[Extracted records]

------------------------------------

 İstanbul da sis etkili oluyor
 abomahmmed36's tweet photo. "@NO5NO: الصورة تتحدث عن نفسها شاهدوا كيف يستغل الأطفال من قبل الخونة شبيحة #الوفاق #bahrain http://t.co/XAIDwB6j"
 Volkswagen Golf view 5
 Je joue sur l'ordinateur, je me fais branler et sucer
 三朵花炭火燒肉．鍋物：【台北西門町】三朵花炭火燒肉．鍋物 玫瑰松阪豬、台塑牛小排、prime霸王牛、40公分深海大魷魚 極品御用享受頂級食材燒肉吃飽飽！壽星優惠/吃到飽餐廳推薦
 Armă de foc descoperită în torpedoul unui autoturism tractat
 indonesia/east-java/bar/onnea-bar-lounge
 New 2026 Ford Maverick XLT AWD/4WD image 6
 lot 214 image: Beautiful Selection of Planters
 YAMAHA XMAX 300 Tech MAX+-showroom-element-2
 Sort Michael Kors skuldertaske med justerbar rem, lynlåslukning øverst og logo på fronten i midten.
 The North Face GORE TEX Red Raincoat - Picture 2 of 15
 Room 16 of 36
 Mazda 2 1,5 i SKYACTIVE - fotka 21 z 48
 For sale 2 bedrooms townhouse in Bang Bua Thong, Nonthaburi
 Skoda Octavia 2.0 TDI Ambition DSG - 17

------------------------------------

Each entry shown above must be retyped word for word.

- [Expected answer]
 İstanbul da sis etkili oluyor
 abomahmmed36's tweet photo. "@NO5NO: الصورة تتحدث عن نفسها شاهدوا كيف يستغل الأطفال من قبل الخونة شبيحة #الوفاق #bahrain http://t.co/XAIDwB6j"
 Volkswagen Golf view 5
 Je joue sur l'ordinateur, je me fais branler et sucer
 三朵花炭火燒肉．鍋物：【台北西門町】三朵花炭火燒肉．鍋物 玫瑰松阪豬、台塑牛小排、prime霸王牛、40公分深海大魷魚 極品御用享受頂級食材燒肉吃飽飽！壽星優惠/吃到飽餐廳推薦
 Armă de foc descoperită în torpedoul unui autoturism tractat
 indonesia/east-java/bar/onnea-bar-lounge
 New 2026 Ford Maverick XLT AWD/4WD image 6
 lot 214 image: Beautiful Selection of Planters
 YAMAHA XMAX 300 Tech MAX+-showroom-element-2
 Sort Michael Kors skuldertaske med justerbar rem, lynlåslukning øverst og logo på fronten i midten.
 The North Face GORE TEX Red Raincoat - Picture 2 of 15
 Room 16 of 36
 Mazda 2 1,5 i SKYACTIVE - fotka 21 z 48
 For sale 2 bedrooms townhouse in Bang Bua Thong, Nonthaburi
 Skoda Octavia 2.0 TDI Ambition DSG - 17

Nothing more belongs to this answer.